More than half of those earnings come from overseas, and, ticket-inflation notwithstanding, I didn't expect this to be as big a hit as it is.
But it's passing a test in my head that few movies pass. I'm still thinking about it. For all the negative reaction to its seven-layers deep coat of MESSAGE, its easy comparison to Dances with Wolves and cheap new-agerism, I think any of us who felt that way might've been thinking too fast.
I'm not willing to act above this flick. It had me. Whatever choices Cameron and Co. made, it had me. Obviously it didn't play, nor was it developed, like any other movie.

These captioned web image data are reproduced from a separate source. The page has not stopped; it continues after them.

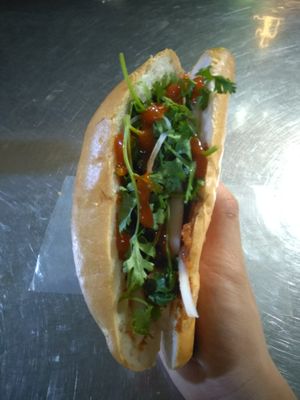 Banh my chay at Tinh Duyen in Long Xuyen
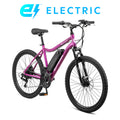 Schwinn 26-in. Boundary Unisex Electric Bike for Adults, Throttle, Wine, 250w Motor, Mountain Ebike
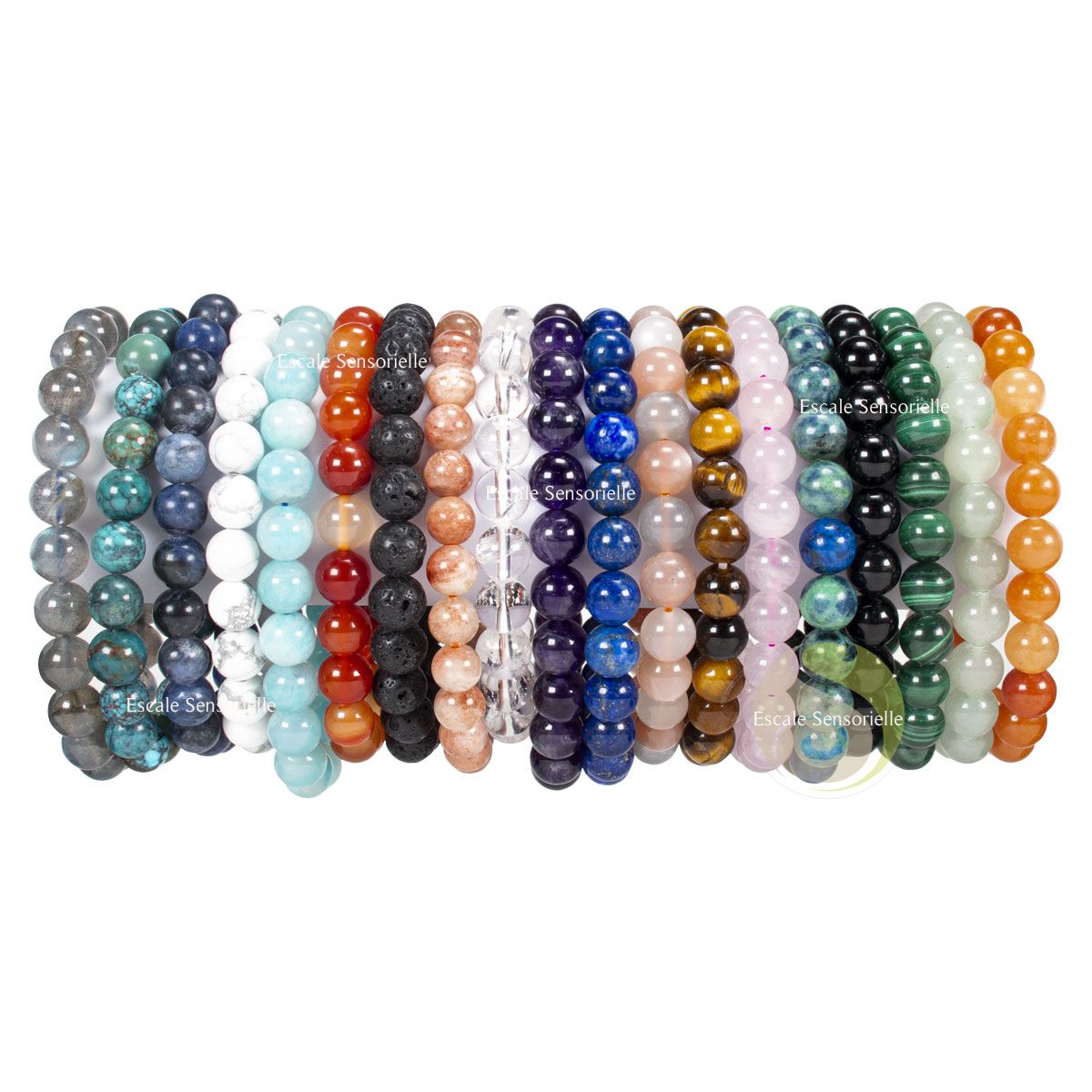bracelets d'énergie de cristaux Bijoux Pierres naturelles
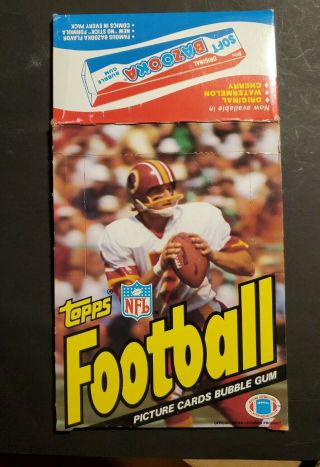 1983 Topps Football Empty Display Wax Box Shape See Pictures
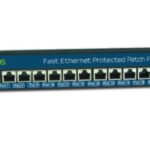 Clear Line 24 Port Gigabit Rackmount PoE Surge Arrestor CAT 6 Patch Panel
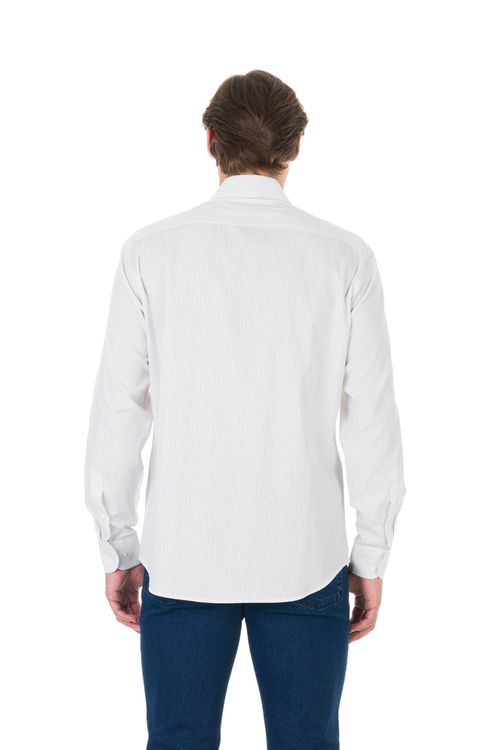Camisa Social Slim Listrada Ufficio Fideli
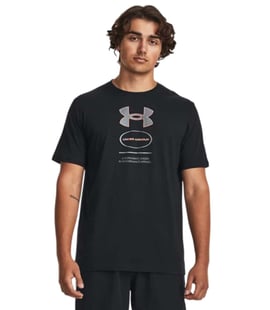Under Armour Branded Gel Stack Kısa Kollu T-Shirt Siyah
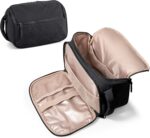 Travel Toiletry Bag for Women, Water Resistant Makeup Organizer with Wide-Open Design for Toiletries and Cosmetics, Black (Bag Only) - Image 2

I'm beginning to think it may have been one of the most positive films I've seen in quite some time. My urge is to see it again, to take in its peerless visuals more fully, and to approach it less full from what I usually expect my masterpieces to sound like. The script may or may not be great, but what were we wanting that script to do?
I need to see it again, like I said, to find out. My feeling here is that the visual accomplishment, impressive to be sure, is not the real key, in a world full of filmgoers who've seen everything, to its success.
Could it be we're entering an age of consciousness that demands social and ecological justice? Do we yearn to find some resolution to our murderous, destructive past through an embrace of one of the aspects of technology that can be good, to see other people's experiences as if they're our own?